#### [Work task]
What is needed is an exact copy of every entry below, minus the images.

#### [Extracted entries]
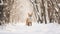winter fox Living snow forest.AI Generated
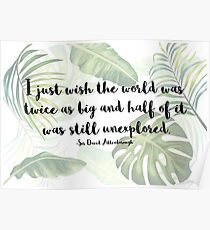David Attenborough wildlife quote Poster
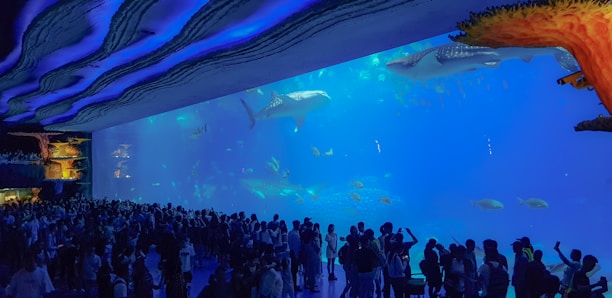 A large aquarium filled with various species of fish, including several large sharks, is viewed by a crowd of spectators. The aquarium's interior features vibrant blue lighting, enhancing the underwater ambiance. The ceiling has a unique, wavy design, adding to the immersive experience. The crowd appears engaged, some taking photos.
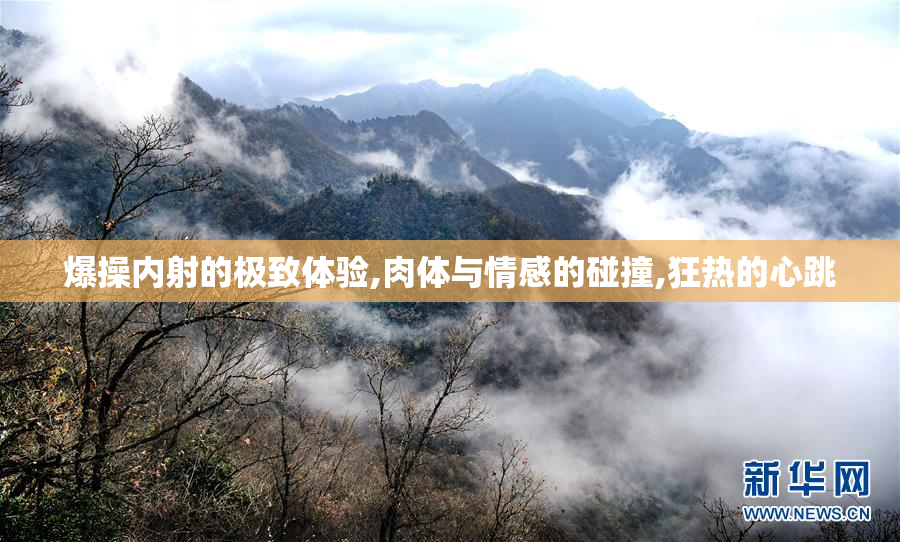 爆操内射的极致体验,肉体与情感的碰撞,狂热的心跳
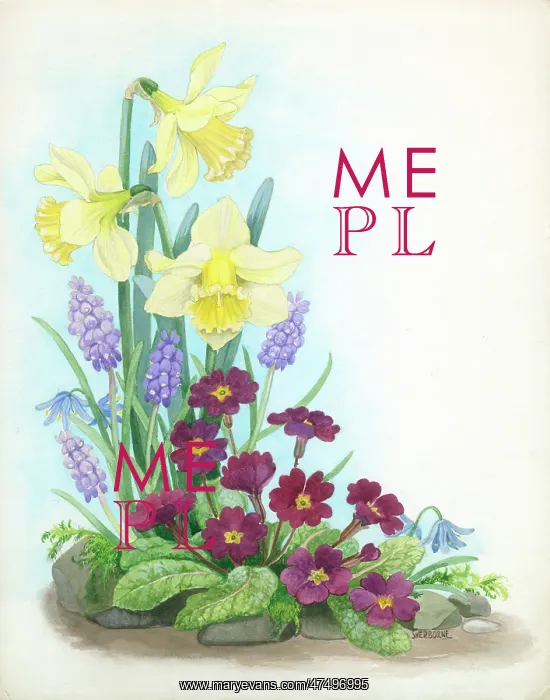 : Daffodils, primroses, hyacinths and scillas : Daffodils, primroses, hyacinths and scillas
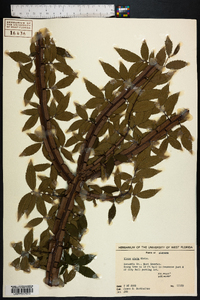 Ulmus alata image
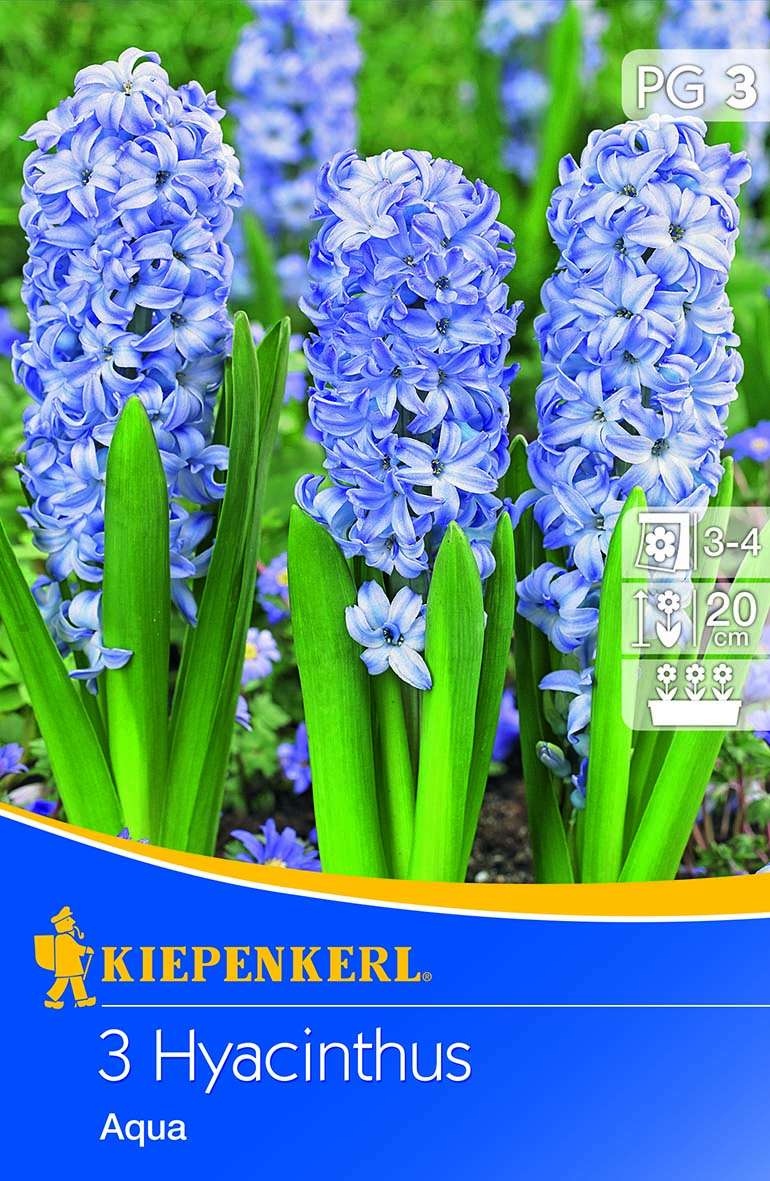 Hyazinthe Aqua Hyazinthen Blumenzwiebeln Ahrens+Sieberz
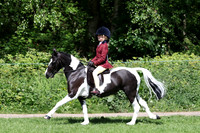 Riding club Horse/Pony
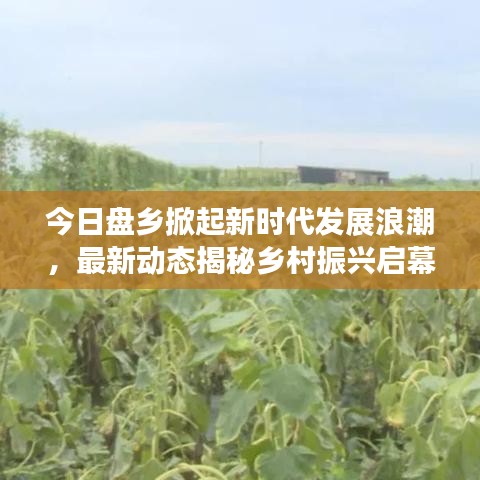 今日盤(pán)鄉(xiāng)掀起新時(shí)代發(fā)展浪潮，最新動(dòng)態(tài)揭秘鄉(xiāng)村振興啟幕時(shí)刻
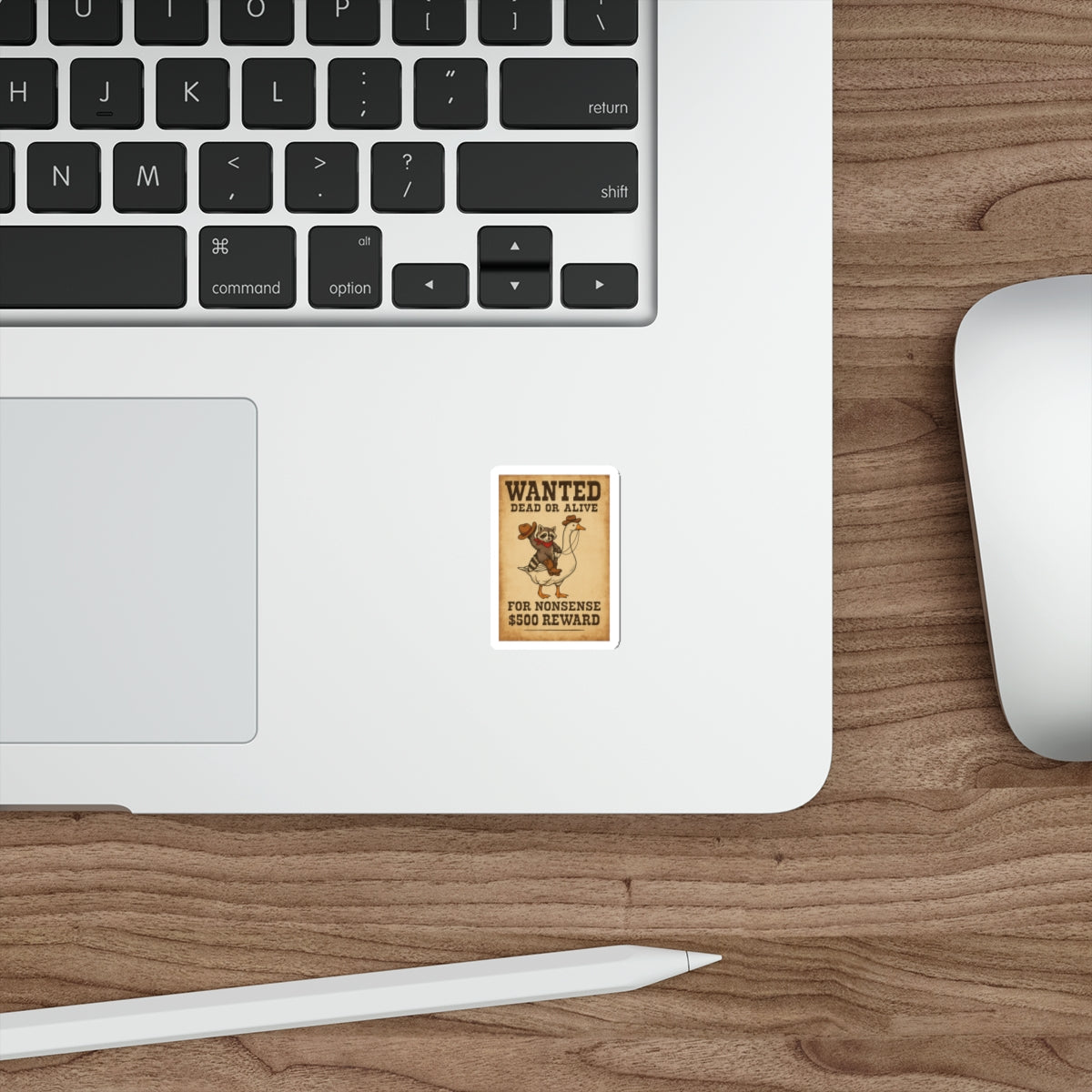 Raccoon and Goose Sticker, Raccoon Sticker, Funny sticker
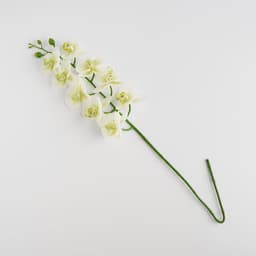 Home & You Flower — photo 2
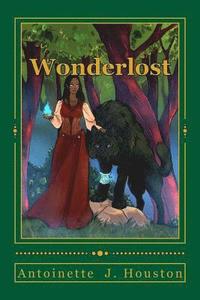 bokomslag Wonderlost: Book One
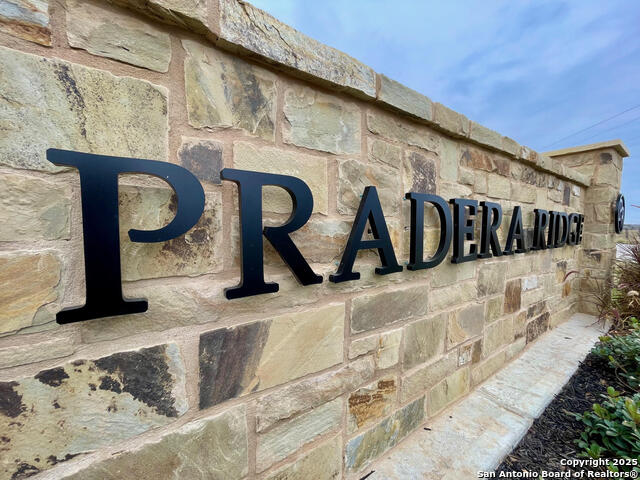 116 Pradera Ridge Dr Property Photo 2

#### [Answer to the exercise]
winter fox Living snow forest.AI Generated
David Attenborough wildlife quote Poster
 A large aquarium filled with various species of fish, including several large sharks, is viewed by a crowd of spectators. The aquarium's interior features vibrant blue lighting, enhancing the underwater ambiance. The ceiling has a unique, wavy design, adding to the immersive experience. The crowd appears engaged, some taking photos.
 爆操内射的极致体验,肉体与情感的碰撞,狂热的心跳
 : Daffodils, primroses, hyacinths and scillas : Daffodils, primroses, hyacinths and scillas
 Ulmus alata image
 Hyazinthe Aqua Hyazinthen Blumenzwiebeln Ahrens+Sieberz
 Riding club Horse/Pony
 今日盤(pán)鄉(xiāng)掀起新時(shí)代發(fā)展浪潮，最新動(dòng)態(tài)揭秘鄉(xiāng)村振興啟幕時(shí)刻
 Raccoon and Goose Sticker, Raccoon Sticker, Funny sticker
 Home & You Flower — photo 2
 bokomslag Wonderlost: Book One
 116 Pradera Ridge Dr Property Photo 2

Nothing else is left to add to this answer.